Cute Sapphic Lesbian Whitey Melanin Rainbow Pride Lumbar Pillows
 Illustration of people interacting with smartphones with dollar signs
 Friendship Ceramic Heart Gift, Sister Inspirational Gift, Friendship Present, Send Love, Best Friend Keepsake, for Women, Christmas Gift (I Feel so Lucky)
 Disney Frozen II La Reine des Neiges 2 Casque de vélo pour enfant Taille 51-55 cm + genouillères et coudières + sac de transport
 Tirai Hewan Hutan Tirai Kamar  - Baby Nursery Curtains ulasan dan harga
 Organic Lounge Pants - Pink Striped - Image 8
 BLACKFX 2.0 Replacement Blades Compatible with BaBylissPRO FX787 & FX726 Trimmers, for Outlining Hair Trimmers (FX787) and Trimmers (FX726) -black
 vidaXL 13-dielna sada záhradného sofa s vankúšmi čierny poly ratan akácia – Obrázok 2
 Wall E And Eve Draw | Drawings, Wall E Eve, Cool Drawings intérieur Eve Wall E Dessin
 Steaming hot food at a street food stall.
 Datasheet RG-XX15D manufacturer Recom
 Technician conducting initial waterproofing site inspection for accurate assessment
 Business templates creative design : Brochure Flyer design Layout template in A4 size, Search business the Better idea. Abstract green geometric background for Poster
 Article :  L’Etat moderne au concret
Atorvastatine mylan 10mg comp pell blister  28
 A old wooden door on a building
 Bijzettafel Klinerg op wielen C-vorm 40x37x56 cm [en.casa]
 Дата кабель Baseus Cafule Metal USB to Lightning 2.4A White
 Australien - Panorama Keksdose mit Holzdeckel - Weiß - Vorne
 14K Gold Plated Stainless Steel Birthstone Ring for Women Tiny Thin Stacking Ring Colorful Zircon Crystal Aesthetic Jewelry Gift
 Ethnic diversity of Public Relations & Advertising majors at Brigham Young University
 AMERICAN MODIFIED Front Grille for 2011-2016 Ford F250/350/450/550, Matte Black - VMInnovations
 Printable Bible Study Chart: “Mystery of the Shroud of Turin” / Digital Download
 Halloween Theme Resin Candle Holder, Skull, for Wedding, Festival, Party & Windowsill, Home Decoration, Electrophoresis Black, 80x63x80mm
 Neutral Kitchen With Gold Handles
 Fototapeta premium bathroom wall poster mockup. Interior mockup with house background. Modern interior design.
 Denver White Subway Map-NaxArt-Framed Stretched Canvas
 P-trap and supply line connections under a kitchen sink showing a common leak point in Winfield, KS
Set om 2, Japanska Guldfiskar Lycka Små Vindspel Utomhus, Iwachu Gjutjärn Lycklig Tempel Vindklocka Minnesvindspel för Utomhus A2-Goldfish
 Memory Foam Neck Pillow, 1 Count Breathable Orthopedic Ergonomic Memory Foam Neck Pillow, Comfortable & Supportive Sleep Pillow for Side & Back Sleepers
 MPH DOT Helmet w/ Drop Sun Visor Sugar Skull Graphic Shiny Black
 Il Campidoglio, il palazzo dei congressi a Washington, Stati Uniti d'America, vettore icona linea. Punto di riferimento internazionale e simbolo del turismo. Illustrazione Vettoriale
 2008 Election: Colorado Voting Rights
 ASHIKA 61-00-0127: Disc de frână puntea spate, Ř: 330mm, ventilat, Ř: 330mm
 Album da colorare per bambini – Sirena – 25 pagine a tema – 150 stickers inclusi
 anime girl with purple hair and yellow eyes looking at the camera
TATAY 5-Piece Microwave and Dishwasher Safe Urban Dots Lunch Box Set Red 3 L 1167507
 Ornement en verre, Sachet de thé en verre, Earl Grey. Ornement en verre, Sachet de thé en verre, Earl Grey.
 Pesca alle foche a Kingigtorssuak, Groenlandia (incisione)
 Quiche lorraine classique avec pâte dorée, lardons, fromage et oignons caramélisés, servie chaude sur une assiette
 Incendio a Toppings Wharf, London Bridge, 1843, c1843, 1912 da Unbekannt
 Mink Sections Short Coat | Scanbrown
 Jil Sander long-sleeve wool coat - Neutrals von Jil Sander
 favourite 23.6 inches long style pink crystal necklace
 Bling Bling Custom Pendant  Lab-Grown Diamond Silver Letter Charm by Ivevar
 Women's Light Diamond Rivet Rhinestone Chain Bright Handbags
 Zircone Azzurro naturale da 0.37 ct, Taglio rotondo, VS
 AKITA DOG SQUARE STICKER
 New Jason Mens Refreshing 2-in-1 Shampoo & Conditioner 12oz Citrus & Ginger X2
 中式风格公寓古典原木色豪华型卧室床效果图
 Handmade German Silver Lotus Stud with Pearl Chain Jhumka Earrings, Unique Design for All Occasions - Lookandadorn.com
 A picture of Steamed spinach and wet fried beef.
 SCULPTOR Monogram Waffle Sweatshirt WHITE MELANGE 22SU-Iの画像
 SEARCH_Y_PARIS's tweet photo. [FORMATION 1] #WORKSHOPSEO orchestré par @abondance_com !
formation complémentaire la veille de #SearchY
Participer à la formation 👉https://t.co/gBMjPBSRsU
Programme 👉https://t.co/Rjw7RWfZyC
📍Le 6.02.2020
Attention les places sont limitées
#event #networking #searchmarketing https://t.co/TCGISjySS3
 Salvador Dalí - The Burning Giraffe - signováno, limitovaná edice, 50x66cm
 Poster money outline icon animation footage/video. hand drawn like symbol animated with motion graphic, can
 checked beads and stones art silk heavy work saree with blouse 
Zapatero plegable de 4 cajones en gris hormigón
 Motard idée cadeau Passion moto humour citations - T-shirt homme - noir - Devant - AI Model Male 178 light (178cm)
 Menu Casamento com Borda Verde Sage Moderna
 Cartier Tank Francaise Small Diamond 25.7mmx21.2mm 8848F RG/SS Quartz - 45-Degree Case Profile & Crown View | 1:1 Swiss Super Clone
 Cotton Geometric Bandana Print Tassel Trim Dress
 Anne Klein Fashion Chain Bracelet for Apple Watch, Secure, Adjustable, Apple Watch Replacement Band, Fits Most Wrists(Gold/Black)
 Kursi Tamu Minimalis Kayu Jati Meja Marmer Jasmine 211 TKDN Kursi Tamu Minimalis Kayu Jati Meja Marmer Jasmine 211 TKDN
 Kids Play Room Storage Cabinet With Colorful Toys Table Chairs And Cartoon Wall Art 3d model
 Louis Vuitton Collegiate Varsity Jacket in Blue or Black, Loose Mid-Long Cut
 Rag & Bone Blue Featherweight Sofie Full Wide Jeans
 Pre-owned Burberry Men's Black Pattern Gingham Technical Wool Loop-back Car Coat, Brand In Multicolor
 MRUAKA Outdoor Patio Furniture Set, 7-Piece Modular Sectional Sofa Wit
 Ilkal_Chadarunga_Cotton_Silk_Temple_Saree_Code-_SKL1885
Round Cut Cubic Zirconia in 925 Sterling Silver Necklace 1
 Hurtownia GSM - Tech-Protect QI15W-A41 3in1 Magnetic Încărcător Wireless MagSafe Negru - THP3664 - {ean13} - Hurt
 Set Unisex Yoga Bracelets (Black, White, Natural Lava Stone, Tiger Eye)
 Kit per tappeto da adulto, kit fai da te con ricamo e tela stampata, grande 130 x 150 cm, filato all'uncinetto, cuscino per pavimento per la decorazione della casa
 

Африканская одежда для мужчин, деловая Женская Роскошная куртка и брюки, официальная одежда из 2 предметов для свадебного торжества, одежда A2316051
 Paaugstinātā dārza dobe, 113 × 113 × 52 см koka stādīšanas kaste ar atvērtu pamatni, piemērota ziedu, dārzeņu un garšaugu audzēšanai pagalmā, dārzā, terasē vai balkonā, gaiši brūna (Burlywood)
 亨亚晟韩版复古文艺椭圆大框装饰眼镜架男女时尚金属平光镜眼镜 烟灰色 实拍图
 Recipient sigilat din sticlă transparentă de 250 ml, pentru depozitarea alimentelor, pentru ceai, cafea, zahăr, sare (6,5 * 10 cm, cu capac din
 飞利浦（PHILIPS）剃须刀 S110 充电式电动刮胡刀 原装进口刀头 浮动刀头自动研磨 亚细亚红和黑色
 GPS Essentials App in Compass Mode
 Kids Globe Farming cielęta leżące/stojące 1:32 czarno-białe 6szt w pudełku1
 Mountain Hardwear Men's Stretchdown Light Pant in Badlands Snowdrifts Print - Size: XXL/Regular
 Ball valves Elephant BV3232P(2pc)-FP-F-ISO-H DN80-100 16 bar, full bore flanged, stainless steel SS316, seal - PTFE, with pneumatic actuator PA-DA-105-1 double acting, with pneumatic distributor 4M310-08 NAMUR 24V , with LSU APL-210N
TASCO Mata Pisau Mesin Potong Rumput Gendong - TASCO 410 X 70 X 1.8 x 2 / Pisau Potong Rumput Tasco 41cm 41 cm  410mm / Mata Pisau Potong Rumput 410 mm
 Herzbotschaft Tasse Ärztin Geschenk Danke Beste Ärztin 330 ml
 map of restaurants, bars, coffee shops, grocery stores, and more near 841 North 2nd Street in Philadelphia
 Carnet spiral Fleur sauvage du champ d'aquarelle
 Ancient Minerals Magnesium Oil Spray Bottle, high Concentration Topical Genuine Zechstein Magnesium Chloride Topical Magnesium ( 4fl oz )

Exercise prompt:
Above are the records; print exactly the lines from the line with "14K Gold Plated" to the line with "anime girl with", including both, and nothing else.

Final answer:
 14K Gold Plated Stainless Steel Birthstone Ring for Women Tiny Thin Stacking Ring Colorful Zircon Crystal Aesthetic Jewelry Gift
 Ethnic diversity of Public Relations & Advertising majors at Brigham Young University
 AMERICAN MODIFIED Front Grille for 2011-2016 Ford F250/350/450/550, Matte Black - VMInnovations
 Printable Bible Study Chart: “Mystery of the Shroud of Turin” / Digital Download
 Halloween Theme Resin Candle Holder, Skull, for Wedding, Festival, Party & Windowsill, Home Decoration, Electrophoresis Black, 80x63x80mm
 Neutral Kitchen With Gold Handles
 Fototapeta premium bathroom wall poster mockup. Interior mockup with house background. Modern interior design.
 Denver White Subway Map-NaxArt-Framed Stretched Canvas
 P-trap and supply line connections under a kitchen sink showing a common leak point in Winfield, KS
Set om 2, Japanska Guldfiskar Lycka Små Vindspel Utomhus, Iwachu Gjutjärn Lycklig Tempel Vindklocka Minnesvindspel för Utomhus A2-Goldfish
 Memory Foam Neck Pillow, 1 Count Breathable Orthopedic Ergonomic Memory Foam Neck Pillow, Comfortable & Supportive Sleep Pillow for Side & Back Sleepers
 MPH DOT Helmet w/ Drop Sun Visor Sugar Skull Graphic Shiny Black
 Il Campidoglio, il palazzo dei congressi a Washington, Stati Uniti d'America, vettore icona linea. Punto di riferimento internazionale e simbolo del turismo. Illustrazione Vettoriale
 2008 Election: Colorado Voting Rights
 ASHIKA 61-00-0127: Disc de frână puntea spate, Ř: 330mm, ventilat, Ř: 330mm
 Album da colorare per bambini – Sirena – 25 pagine a tema – 150 stickers inclusi
 anime girl with purple hair and yellow eyes looking at the camera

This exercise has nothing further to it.